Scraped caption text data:
##############################
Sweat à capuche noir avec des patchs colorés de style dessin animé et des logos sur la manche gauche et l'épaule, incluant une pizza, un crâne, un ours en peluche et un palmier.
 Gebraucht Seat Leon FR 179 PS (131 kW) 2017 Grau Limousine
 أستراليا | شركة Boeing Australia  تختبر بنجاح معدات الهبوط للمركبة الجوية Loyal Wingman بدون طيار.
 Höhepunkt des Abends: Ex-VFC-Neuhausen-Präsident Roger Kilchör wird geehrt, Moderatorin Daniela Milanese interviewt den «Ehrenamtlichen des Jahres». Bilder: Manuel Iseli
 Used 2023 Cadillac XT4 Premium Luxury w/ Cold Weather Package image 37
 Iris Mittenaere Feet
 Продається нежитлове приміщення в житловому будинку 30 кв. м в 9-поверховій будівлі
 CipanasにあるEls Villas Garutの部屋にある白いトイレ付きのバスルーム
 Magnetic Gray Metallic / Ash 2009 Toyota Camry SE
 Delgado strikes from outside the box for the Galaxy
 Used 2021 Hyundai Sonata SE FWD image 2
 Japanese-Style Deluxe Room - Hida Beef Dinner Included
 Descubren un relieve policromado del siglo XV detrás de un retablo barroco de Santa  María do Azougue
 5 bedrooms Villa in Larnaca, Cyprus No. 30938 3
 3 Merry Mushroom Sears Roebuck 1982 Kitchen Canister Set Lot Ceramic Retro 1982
##############################
◆ TASK STATEMENT:
Nothing but the lines from the one with "Used 2023 Cadillac" through the last line of the entries should be repeated, and those exactly.

◆ EXERCISE OUTPUT:
 Used 2023 Cadillac XT4 Premium Luxury w/ Cold Weather Package image 37
 Iris Mittenaere Feet
 Продається нежитлове приміщення в житловому будинку 30 кв. м в 9-поверховій будівлі
 CipanasにあるEls Villas Garutの部屋にある白いトイレ付きのバスルーム
 Magnetic Gray Metallic / Ash 2009 Toyota Camry SE
 Delgado strikes from outside the box for the Galaxy
 Used 2021 Hyundai Sonata SE FWD image 2
 Japanese-Style Deluxe Room - Hida Beef Dinner Included
 Descubren un relieve policromado del siglo XV detrás de un retablo barroco de Santa  María do Azougue
 5 bedrooms Villa in Larnaca, Cyprus No. 30938 3
 3 Merry Mushroom Sears Roebuck 1982 Kitchen Canister Set Lot Ceramic Retro 1982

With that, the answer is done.